Wir kamen zum Gate in der 59sten. Offenbar hatten einige Soldaten der örtlichen Garnison von der Plünderung des Palastes gehört und fühlten sich bemüßigt, daran teilzunehmen, zumal jeden Tag mit ihren Kameraden aus dem Norden zu rechnen war.
Diese Aasgeier hatten sich am Gate versammelt und verlangten Zutritt und feuerten mit ihren Pistolen in die Luft. Es gab allerdings noch genügend Gardisten an der Mauer, um den Mob aufzuhalten; und dieser Mob hatte noch genügend Respekt vor dem Wappen des Präsidenten, um uns durchzulassen, wenn auch unter Murren und beißendem Spott.
Ich bat Lymon Pugh, das Gästehaus anzufahren, in dem ich bis heute Abend gewohnt hatte. In weiser Voraussicht hatte Calyxa bereits vor Tagen gepackt, und das Gepäck musste inzwischen am Kai sein. Lediglich Kleinigkeiten waren noch hier. Dazu gehörte eine Schachtel mit Souvenirs und Andenken, die ich ohne Calyxas Wissen aufgehoben hatte; mit ihr und ein paar anderen Sachen verließ ich das hallende, leere Haus.
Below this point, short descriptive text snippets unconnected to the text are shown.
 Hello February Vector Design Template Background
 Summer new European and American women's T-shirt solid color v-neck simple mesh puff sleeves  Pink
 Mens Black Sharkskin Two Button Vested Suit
Von hier fuhren wir zum Palast. Die Republikanische Garde verhielt sich gerade so paradox, wie Lymon es beschrieben hatte. Manche standen an den üblichen Stellen im Portikus Wache, während andere ungehindert die Marmorstufen hinauf- und wieder hinunterstürmten, beladen mit Besteckkästen, Vasen, Porzellan, Gobelins und allem, was nicht niet- und nagelfest war. Ich machte ihnen aber keinen Vorwurf. Von heute Abend an konnten sie sich praktisch als gefeuert betrachten, mit den allerschlechtesten Aussichten und dem guten Recht, sich auf diese Weise schadlos zu halten.
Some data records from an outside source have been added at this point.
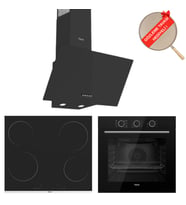 Ferre FryArt & FlowArt Salvia Vitroseramik Elektrikli 3'lü Siyah Ank. Set (D086 + MS261 + QXE62CS)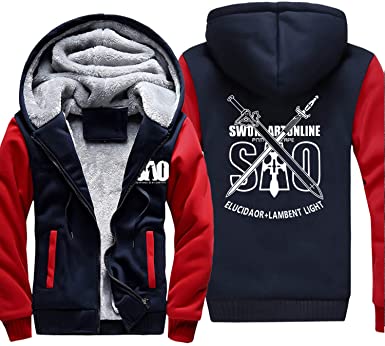 Image of Men's Fleece SAO Thick Hoodies Cosplay Sword Art Online Zip Jacket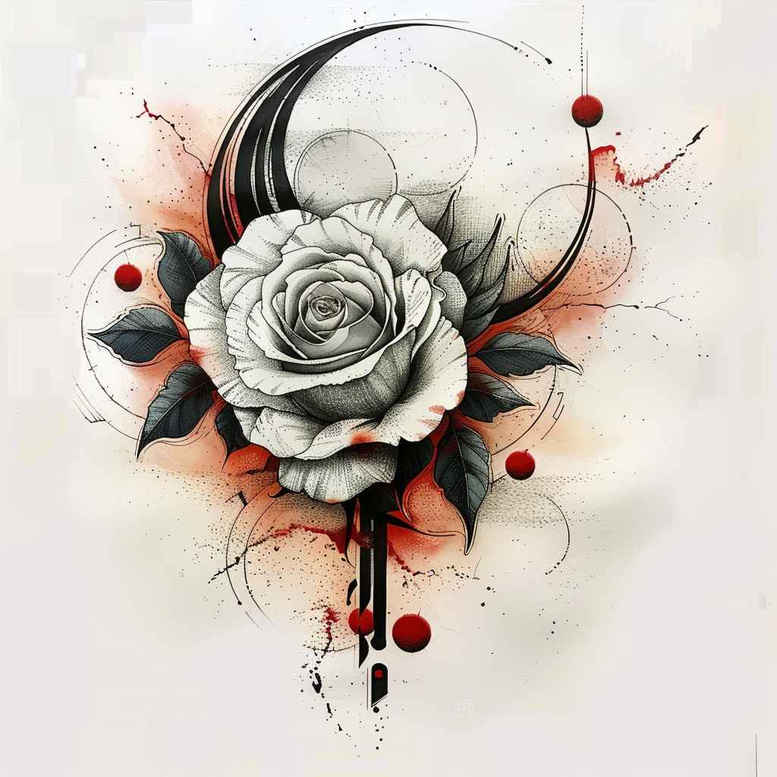 passion-symbol-rose-tattoo – tattoo design ideas free ai generated – elegant – for-chest – Gallery: roses-inkby-ai
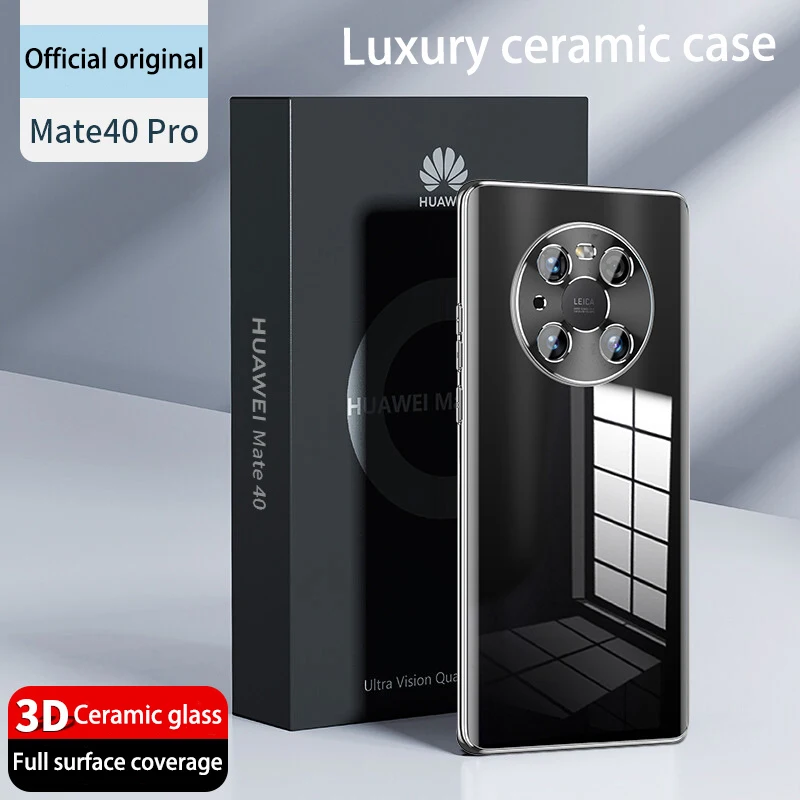 

Official ceramics Case for Huawei Mate 40 50 30 P40 P50 Pro honor 60 50 pro nova9 surround Lens 3D Hot Bend Color Protect Cover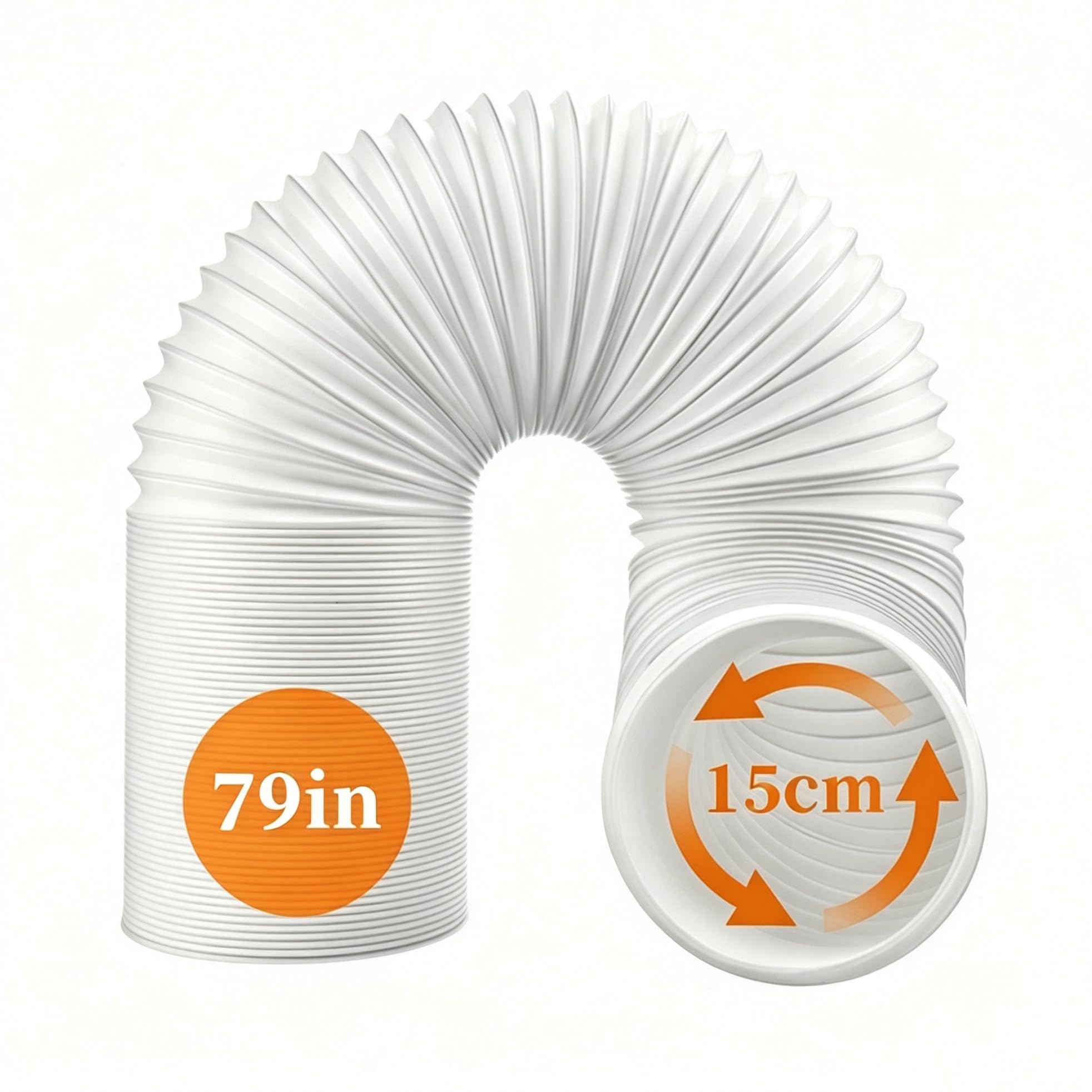 Portable Air Conditioner Exhaust Hose, 15cm/5.9" Diameter, 2M/79 Flexible Vent Duct with Counterclockwise Thread, Universal Replacement Pipe for AC, Tumble Dryer & Extractor Fan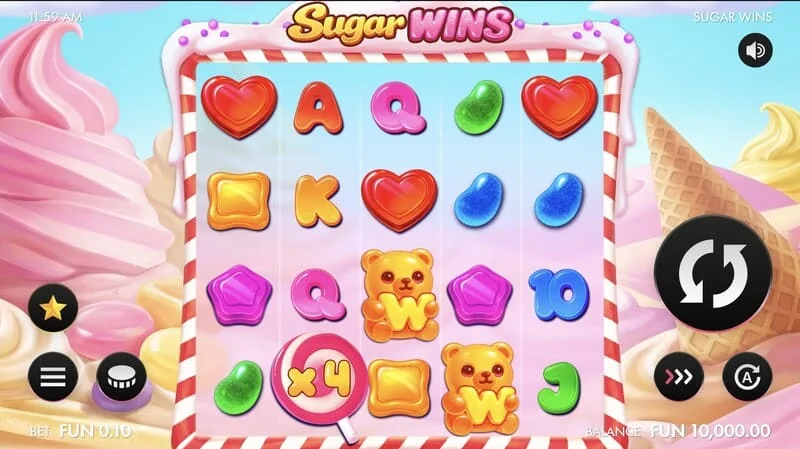 Sugar Wins – spillskjerm med 5x4 hjul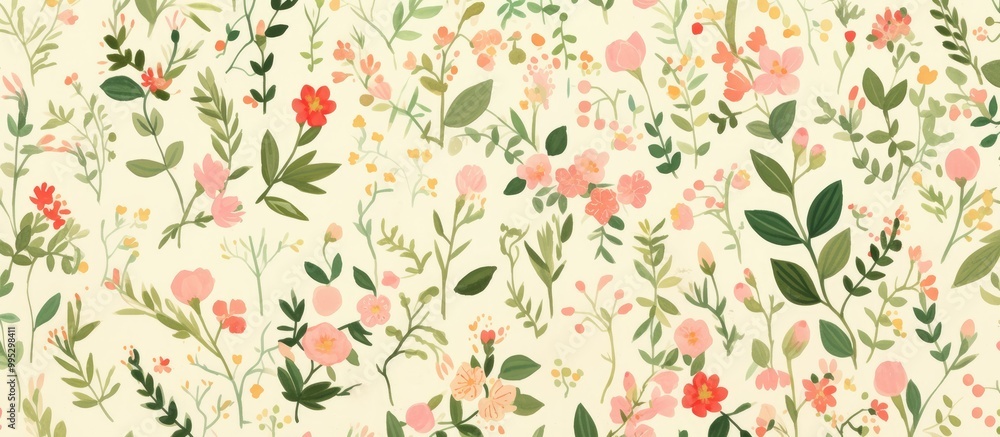Floral fabric featuring pink and green designs created using traditional block printing techniques Floral fabric featuring pink and green designs created using traditional block printing techniques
Hoffentlich hatte niemand mitgenommen, weswegen ich hergekommen war. Ich hatte Glück. Nur wenige (von denen mich ein paar schuldbewusst grüßten) hatten sich in den unterirdischen Bereich des Palastes getraut, der immer noch einen abschreckenden Ruf hatte. Das Studio war unberührt, und das Original von The Life and Adventures of the Great Naturalist Charles Darwin war noch da, wo Julian es zurückgelassen hatte — drei tortengroße Blechdosen, in denen sich nicht nur die Filmspulen, sondern auch Texte und Partituren befanden.
Ich zauderte nicht, als ich die Dosen einmal an mich genommen hatte. Wenn es hier unten noch einen Gefangenen gegeben hätte, hätte ich ihn vermutlich freigelassen. Aber es gab hier Gott sei Dank keine Gefangenen mehr. In Julians Amtszeit hatte es hier unten praktisch nur einen Gefangenen gegeben, nämlich den Mann, den er beerbt hatte, seinen Onkel Deklan, und der war zwischenzeitlich geköpft und aufgespießt worden und schmorte seitdem in der Hölle.